What type of slash is used depends on what command shell you are in and what program is interpreting the command line parameters (the shell, the program itself, etc). It is a real headache with WSL because you have to use DOS conventions for parameters except those passed to a Linux program. So you have to mix methods in one command line.

I will work to make the program detect the issue and fail more gracefully. If you leave the CombinedKit file there, it will be used to generate the other vendor files you request. Taking about 1 minute for each.

jkingsman commented 10 months ago

Ah, well, it appears then that the zip utility does not care for the forward slashes in the destination, at least. I was just showing the minimum viable resolution in my example; it's been a while since I've had to remember which cygwin utilities will make peace with different slashes or not haha.

Anyway, not a huge issue, just wanted to give a heads up that n=1 for the convention failing on the zip invocation.

RandyHarr commented 10 months ago

I will definitely look into it further. Just to confirm, do you have the installation on D:/WGSExtractv4_alpha and the output directory (and maybe source data files) set to D:/ ?

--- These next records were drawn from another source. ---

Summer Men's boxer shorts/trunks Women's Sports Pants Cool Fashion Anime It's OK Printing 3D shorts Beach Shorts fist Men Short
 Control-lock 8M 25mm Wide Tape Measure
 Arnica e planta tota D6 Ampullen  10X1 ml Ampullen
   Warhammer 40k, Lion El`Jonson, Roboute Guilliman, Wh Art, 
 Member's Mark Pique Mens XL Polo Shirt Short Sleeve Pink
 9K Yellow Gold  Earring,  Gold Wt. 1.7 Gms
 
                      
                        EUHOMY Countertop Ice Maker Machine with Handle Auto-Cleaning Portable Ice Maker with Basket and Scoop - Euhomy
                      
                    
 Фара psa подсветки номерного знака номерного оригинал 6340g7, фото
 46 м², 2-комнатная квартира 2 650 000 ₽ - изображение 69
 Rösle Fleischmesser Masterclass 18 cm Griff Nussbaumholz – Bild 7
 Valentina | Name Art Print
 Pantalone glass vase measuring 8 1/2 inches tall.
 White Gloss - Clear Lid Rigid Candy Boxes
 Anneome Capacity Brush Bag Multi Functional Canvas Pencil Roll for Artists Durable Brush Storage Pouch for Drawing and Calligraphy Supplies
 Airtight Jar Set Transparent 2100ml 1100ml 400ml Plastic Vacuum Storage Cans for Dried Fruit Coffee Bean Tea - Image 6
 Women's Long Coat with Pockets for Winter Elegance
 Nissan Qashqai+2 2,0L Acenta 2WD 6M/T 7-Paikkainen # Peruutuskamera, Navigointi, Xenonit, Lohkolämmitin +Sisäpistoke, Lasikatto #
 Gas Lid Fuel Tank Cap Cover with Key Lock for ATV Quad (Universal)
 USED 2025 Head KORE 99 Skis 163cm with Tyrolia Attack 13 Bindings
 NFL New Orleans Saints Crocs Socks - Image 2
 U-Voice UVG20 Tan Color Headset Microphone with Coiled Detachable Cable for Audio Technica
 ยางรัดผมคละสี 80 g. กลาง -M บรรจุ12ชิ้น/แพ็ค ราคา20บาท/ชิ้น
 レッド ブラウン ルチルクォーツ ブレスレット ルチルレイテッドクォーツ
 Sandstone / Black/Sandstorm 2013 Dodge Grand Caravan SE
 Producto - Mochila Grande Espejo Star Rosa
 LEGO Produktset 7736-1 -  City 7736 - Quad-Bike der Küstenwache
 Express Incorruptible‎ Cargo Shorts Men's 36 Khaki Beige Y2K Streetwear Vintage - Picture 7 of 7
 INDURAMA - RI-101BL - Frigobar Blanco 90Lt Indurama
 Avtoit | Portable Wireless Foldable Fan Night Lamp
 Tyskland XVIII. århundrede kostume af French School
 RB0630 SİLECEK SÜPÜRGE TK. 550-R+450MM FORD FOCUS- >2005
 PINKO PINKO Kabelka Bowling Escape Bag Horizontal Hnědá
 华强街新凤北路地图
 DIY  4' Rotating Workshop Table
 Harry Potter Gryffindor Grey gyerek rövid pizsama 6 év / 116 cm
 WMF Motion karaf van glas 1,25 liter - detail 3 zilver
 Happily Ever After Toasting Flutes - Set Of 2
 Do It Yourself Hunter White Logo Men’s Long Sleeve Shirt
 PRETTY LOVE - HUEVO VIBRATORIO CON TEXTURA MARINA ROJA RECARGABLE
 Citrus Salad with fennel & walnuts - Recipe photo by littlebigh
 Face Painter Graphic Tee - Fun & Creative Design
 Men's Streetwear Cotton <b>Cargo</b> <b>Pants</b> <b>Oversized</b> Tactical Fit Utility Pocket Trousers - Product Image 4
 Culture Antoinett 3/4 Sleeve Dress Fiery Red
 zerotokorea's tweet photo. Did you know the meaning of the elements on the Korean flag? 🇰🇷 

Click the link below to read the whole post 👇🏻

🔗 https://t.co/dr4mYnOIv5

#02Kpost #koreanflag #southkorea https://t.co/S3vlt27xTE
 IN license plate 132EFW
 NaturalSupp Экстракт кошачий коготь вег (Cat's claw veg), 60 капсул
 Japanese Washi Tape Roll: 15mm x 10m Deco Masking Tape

What has me scratching my head is I develop on Windows and the Cygwin64 environment. And so test it first and most. Have likely generated the CombinedKit over a thousand times there. And never seen the issue. I have all the past releases installed on both Win11 and Win10. Both on C: and D: drives. (There is a bug in the FASTQC Java program when run on windows where if the data files are on a different drive than the Java installation, it bombs out. So one of my regression tests ;)

FYI, the only difference between Beta, Alpha and Dev is that specific term in the release.json file. It is used to select one of the many "latest-release" json files. Which defines the lectionary of 6 other packages and their versions. So v44.2 is the same in all tracks. Just Beta and Alpha tend to lag depending on how much testing has occurred.

And you are always welcome to apply your knowledge to fixing or expanding the features :) FYI, if you turn debug on, then all BASH scripts generated are kept in the temp folder. You can view, edit, run them again yourself. Just make sure to use the cygwin BASH and not the ancient one delivered with Windows.

RandyHarr commented 10 months ago

Just as a follow-up, I took the ButtonCombinedKit.sh file from the temp/ folder and extracted the command: "C:/WGSE/Betav4.44p2/cygwin64/bin/zip.exe" -j "D:/DNA/WGS/Randy Harr/WGSEv4/60820188481027_CombinedKit.zip" "D:/DNA/WGS/Randy Harr/WGSEv4/60820188481027_CombinedKit.txt"

Running that in a Cygwin64 BASH shell on its own works just fine. I can see no issue except wondering if you ran out of disk space on D:/ when executing the final zip.exe command? I check for free disk space for major commands like BWA or SAMTOOLS SORT but not for simple items like this.

Note that it will try and run the zip program on the individual vendor files it creates as well. Did those work for you? Here is my entry from ButtonMicroarrayDNA.sh that zip's the vendor files: "C:/WGSE/Betav4.44p2/cygwin64/bin/zip.exe" -mj "D:/DNA/WGS/Randy Harr/WGSEv4/60820188481027_23andMe_V3.zip" "D:/DNA/WGS/Randy Harr/WGSEv4/60820188481027_23andMe_V3.txt"

Here is the failure message from the zip program you report which I am not familiar with: zip I/O error: No such file or directory zip error: Temporary file failure (D:/zismf8Vj)

I am guessing it is creating a temp file where the final file will be located. And simply renames that once finished. So maybe it had trouble creating the file there for some reason.

jkingsman commented 10 months ago

So sorry -- I would dig into this further but there's just been a family crisis and I'm leaving for emergency travel. I will come back to this when I'm able. Apologies for reporting and dashing off!